Julia Kristeva’s reading of the abject opens the door for considering “filth” as an imaginative element of social systems. The excremental literary mode – what Susan Signe Morrison terms “fecopoetics” – frequently addresses questions of social order, and the extent to which hierarchies can or cannot be upset. In the seventeenth century, Ben Jonson invested in a fecopoetics of retaliation; comedies like The Alchemist and Bartholomew Fair humorously associate the privileged with excrement. Highlighting the anxieties and tensions of a prescriptive social order, Jonson’s fecopoetics variously reinforces hierarchies and calls them into question.

This chapter considers Jonson’s work in conversation with the comedic fecopoetics of gendered American pop culture.

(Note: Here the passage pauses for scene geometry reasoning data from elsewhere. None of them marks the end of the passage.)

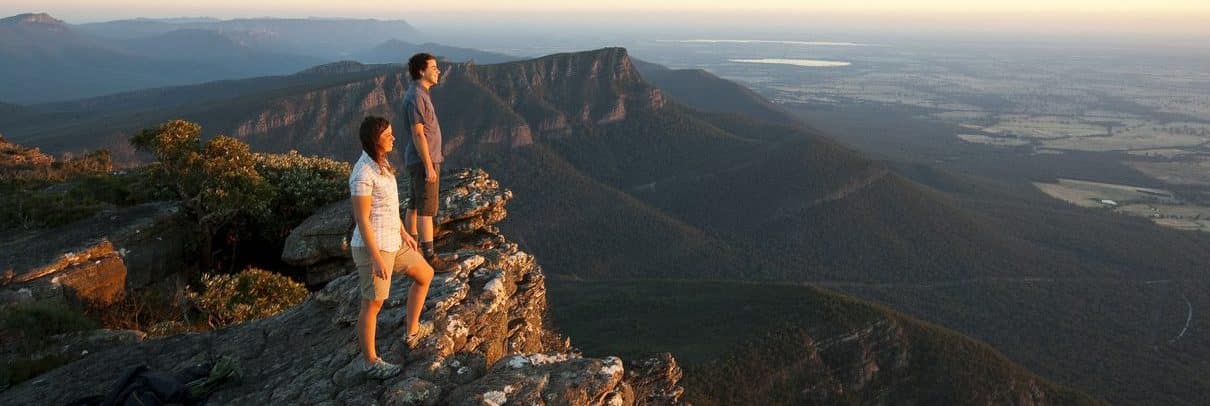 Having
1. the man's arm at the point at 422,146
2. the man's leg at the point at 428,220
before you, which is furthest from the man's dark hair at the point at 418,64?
the man's leg at the point at 428,220

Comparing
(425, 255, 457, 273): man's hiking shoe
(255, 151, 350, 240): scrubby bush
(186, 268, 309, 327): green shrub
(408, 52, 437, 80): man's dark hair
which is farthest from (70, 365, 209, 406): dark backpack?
(255, 151, 350, 240): scrubby bush

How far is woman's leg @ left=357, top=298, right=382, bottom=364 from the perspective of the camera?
898 centimetres

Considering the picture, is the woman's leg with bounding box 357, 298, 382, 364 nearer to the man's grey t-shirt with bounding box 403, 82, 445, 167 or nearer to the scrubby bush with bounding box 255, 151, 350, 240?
the man's grey t-shirt with bounding box 403, 82, 445, 167

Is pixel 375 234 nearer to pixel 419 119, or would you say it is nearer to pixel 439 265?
pixel 439 265

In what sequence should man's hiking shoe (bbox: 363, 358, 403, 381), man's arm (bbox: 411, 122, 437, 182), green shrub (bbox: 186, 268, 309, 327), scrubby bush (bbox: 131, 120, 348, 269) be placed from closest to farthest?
man's hiking shoe (bbox: 363, 358, 403, 381) → man's arm (bbox: 411, 122, 437, 182) → green shrub (bbox: 186, 268, 309, 327) → scrubby bush (bbox: 131, 120, 348, 269)

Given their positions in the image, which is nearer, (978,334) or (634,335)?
(634,335)

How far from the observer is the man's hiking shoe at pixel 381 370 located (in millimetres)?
8898

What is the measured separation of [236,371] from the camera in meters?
9.73

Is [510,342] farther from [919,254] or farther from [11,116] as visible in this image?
[11,116]

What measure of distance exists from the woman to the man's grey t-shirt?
2.13 m

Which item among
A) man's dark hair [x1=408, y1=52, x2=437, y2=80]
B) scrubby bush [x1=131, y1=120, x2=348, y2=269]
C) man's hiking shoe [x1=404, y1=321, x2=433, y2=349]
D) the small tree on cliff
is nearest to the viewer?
man's hiking shoe [x1=404, y1=321, x2=433, y2=349]

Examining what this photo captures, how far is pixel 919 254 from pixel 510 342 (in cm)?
9465

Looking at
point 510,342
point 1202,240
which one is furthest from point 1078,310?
point 510,342

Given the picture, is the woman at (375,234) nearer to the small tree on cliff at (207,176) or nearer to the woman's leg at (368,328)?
the woman's leg at (368,328) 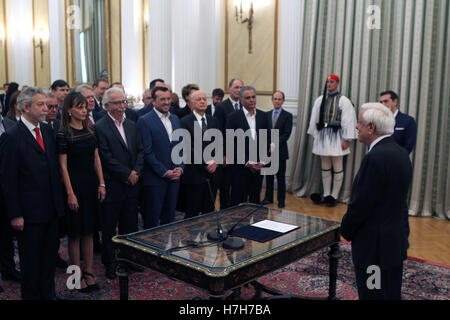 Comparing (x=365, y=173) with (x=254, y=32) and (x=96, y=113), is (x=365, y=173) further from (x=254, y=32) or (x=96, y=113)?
(x=254, y=32)

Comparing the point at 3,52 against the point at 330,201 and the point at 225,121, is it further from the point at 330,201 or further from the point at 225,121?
the point at 330,201

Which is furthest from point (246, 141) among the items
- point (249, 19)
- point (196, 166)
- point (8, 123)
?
point (249, 19)

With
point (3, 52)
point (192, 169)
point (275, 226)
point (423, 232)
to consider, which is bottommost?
point (423, 232)

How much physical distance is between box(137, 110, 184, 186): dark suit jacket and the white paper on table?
1.34 metres

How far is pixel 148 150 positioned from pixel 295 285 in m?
1.72

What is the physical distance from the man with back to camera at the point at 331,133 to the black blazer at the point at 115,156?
3242 millimetres

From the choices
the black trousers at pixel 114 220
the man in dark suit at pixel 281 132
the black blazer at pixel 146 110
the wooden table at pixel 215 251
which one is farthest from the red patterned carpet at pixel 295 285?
the man in dark suit at pixel 281 132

Male-centric comedies like American Pie , Van Wilder, and Harold & Kumar Go to White Castle display similarly retaliatory strategies, punishing privileged characters with laxatives and public scenes of excretion that embarrass them, in Bakhtin’s terms, with a grotesque bodily openness that marks them as “lower.” Like Jonson’s comedies, such scenes mobilize a fecopoetics of wish fulfillment, suggesting that social boundaries can and should be breached, and using excrement as a social equalizer. In the comedy Bridesmaids , however, a similar joke scripted for a group of women functions differently, as everyone but the wealthiest woman falls victim to food poisoning. The scene validates the main character’s anxieties about her financial and physical inadequacies; only the privileged female body remains intact, reinforcing social hierarchies. Undermining the film’s ending, which glosses over socioeconomic distinctions, Bridesmaids’s comedic fecopoetics remind audiences that class is not gender-neutral, and highlight the importance of food – and its complications – in mapping the intersections of class and gender in the cultural languages surrounding bodies.